Cy Twombly at the Louvre

 
Cy Twombly at the Louvre

Cy Twombly has become the third contemporary artist to be commissioned to produce a work for the Louvre. Unveiled at the end of March, Twombly’s huge 3,800-square-foot painted ceiling for the Salle des Bronzes, in the Sully Wing, is a sky-blue field with dark blue, ocher and ivory spheres that seem to float around its perimeter; among the spheres are white strips inscribed, in Greek lettering, with the names of seven celebrated classic Greek sculptors: Polyclitus, Praxiteles, Lysippus, Myron, Phidias, Scopas and Cephisodotus (the name of both the son of Praxiteles and the man scholars think was his father).
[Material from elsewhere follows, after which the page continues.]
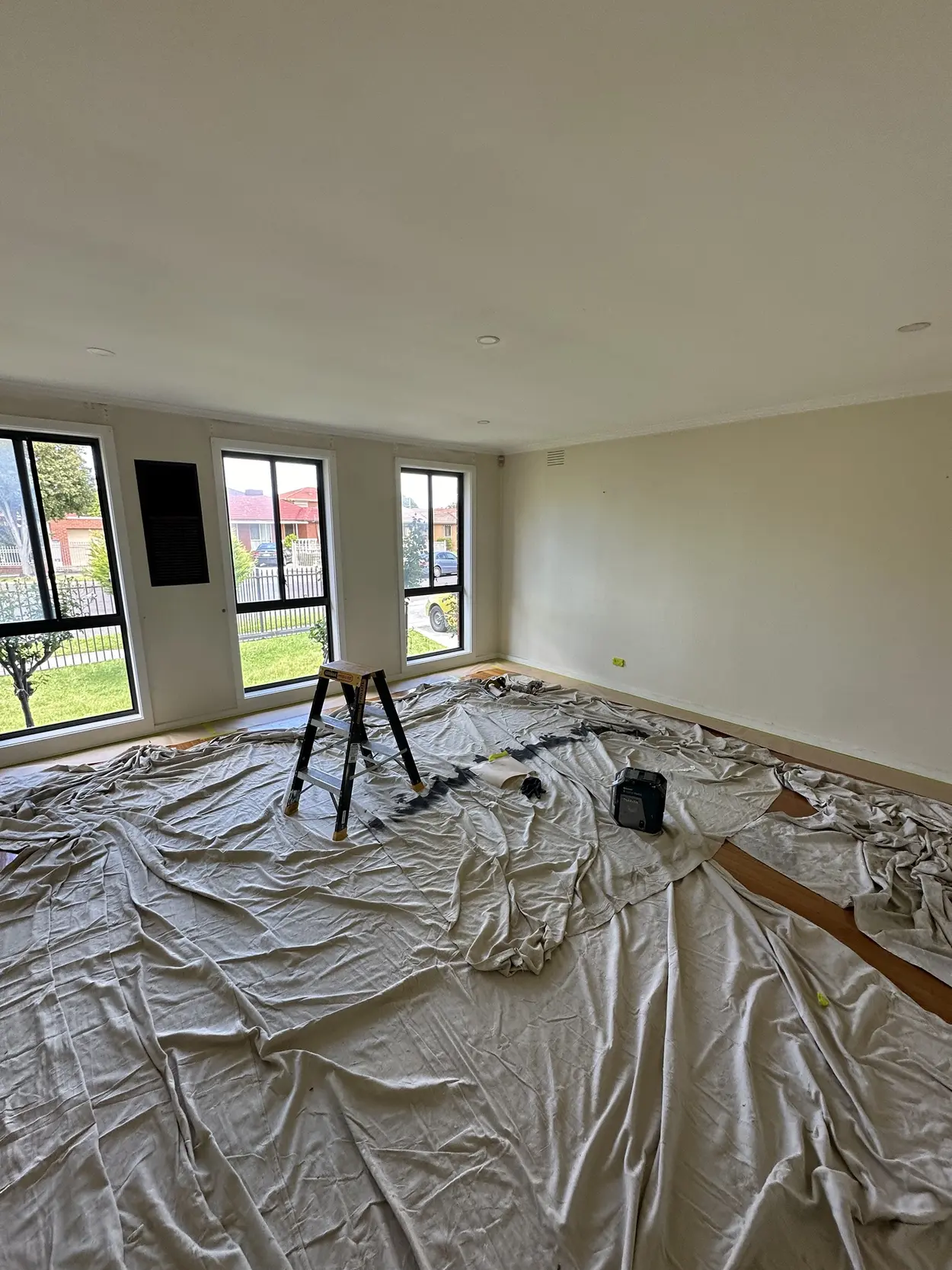 The same living room from the other side, sheeted wall to wall, with cream walls and a row of black-framed windows onto the front garden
Twombly’s ceiling for the Louvre follows commissioned works by German artist Anselm Kiefer, who installed a monumental painting and two accompanying sculptures in 2007, and French artist François Morellet, who redesigned the windows in the Lefuel staircase of the Richelieu Wing. Others who have decorated the Louvre in the past include Delacroix, Ingres and Georges Braque, whose 1953 three-panel ceiling-a deep blue sky with white doves-is in the former King’s antechamber adjoining the Salle des Bronzes.